0 - 3 yaşları : bak koçum bunlar senin en kral günlerin acıktınmııı ağlaaaa gitsiiin sıçacanmı ağllaaa anan seni sıçtırırr . Her şeye ağla zaten sonra hiç birini hatırlamıcaksın.ilerde belki bukadar ağlarsın ama her ağlaman sana izi geçmeyen bir yara olarak geri dönecek..


3-7 yaşları : ahaadaa okul denen tımarhaneden önceki son durak. bisiklete binmeyi öğren yüzmeyi öğren konuşmayı akıcı hale getir hatta hobi olsun diye yolların kenarındaki tabelaları oku . 1. sınıfa geçtiğinde acaip hava yaparsın benden demesii..o güzel ablaların seni bu yaşlarda mıncır mıncır sevicek.o anların bir saniyesini bile boşa harcama ilerde nah bulursun seni sevicek bi abla.! 


7 - 11 yaşları : okulun ilk günü ağlama!! annem nerde diye bakınma !! kızlara sapıklık yapmaa !! okula tımarhane dedim ama sen bana bakma hayatını burası yönlendiricek.
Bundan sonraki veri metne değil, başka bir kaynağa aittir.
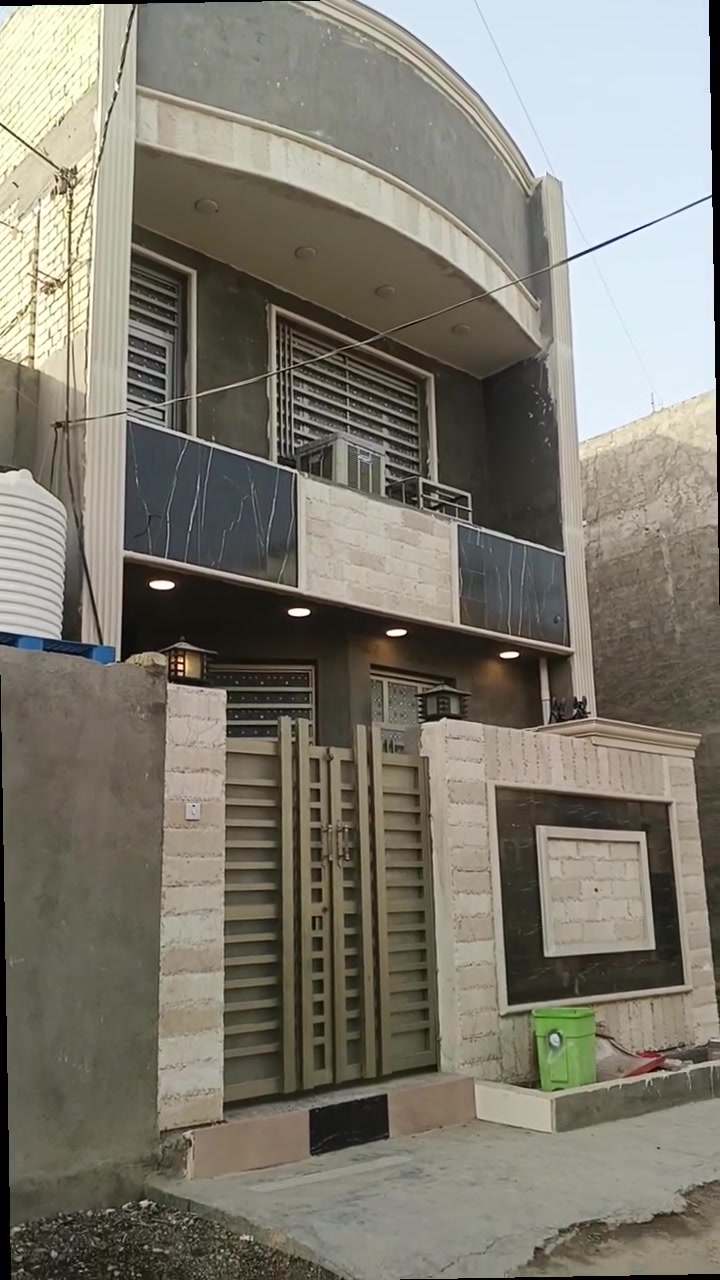 بيت البيع 100متر طابقين ونص 4غرف نوم مدخلين طابو زراعي سند 25 الشرطه الخامسة قرب الدعم الاوجستي قرب مجموعة المصطفى الغذائية الاستفسار اكثر على باقي التفاصيل ***********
Bol bol sosyal olmaya çalış . Spor yap ki lise hayatında yarı atletik bi vücüdun olsun..hayata adımını attın hoş geldin genç..


11 - 14 yaşları : ilk defa bi kıza yakınlaşabilirsin. onlar senin için merak unsuru. ama şunu hayatın boyunca unutma insanın başına ne geliyorsa ya meraktan ya da başka bi şeyden gelir..Hafiften ders çalışmaya başla hatta baya baya çalış neden çalışcam yaaaauuuu gidip oyun oynıcam dediğini duyar gibiyim.. deme ! çünkü hayatının en güzel yıllarını lise yıllarını o sınav belirlicek..o sınav sadece liseni değil takılcağın insanları hayat görüşünü ve ortamını belirlicek..oyun oynıcam diye mallık yapma otur ders çalış canım evladııımm..!
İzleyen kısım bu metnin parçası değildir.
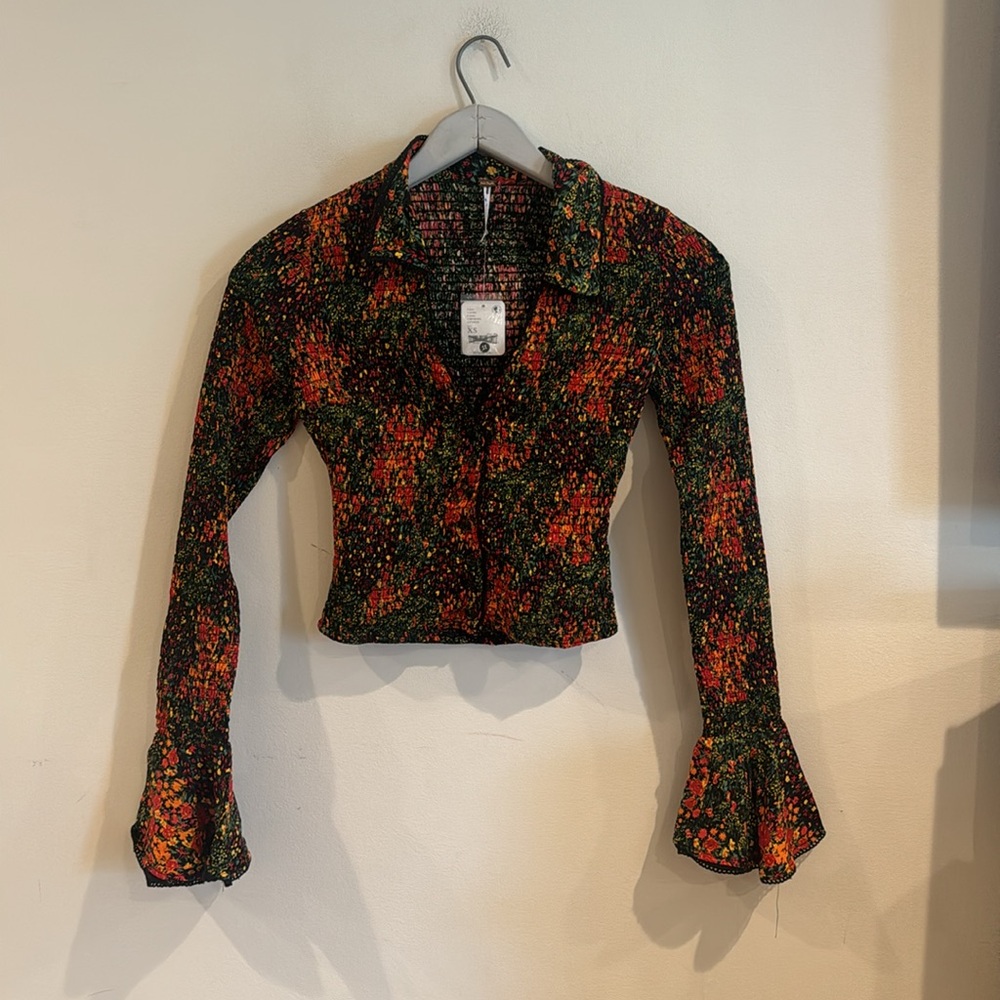 NWT Free‎ People Amelia Printed Blouse Top Size XS Smocked Bell Sleeves Floral - Picture 2 of 7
14 - 18 yaşları : İşteeee geldik zurnanın zuurt dediği yereee.Lise Hayatııı !! Sakin ol her zaman cool ol..sen artık büyüdün delikanlı oldun o eski halin bitti çocukluktan çıktın.çocuk gibi hareketlerden kaçın..bol bol sev çünkü bol bol sevilceksin..hayatının en büyük aşk acısını tadabilirsin belkide ilk defa aşık olcaksın..Geçmişi Geleceği düşünme Anı yaşa.pişmanlık duyucağın şeyler yapma hele hele kötü alışkanlıklara hiç başlama hayatını zindan etme.. Bana inan hiç unutamayacağın en güzel anıları bu dört senede yaşıyıcaksın Kıymetini bil..Delikanlı...


      Bundan sonrasını açıkçası bende yaşamadığım için yazamıcam.böyle bi kitap olsa güzel olurdu dimii..fakat şöyle yazarken duraksadım 10 sn falan düşündüm ulan dostoyev bu yazdıklarının hepsini annen zamanı gelince sana tek tek söylemişti !! dinledinmiii? hayır..sonra böyle bi kitap olsa bile okuyan çocuk hikaye gibi okuyup geçicekti . Herkes çok biliyo ya yaşamadan kimse bi bok öğrenemez.! bu kitabın ben devamını merak ediyorum yazmak isteyenleri zevkle okurum..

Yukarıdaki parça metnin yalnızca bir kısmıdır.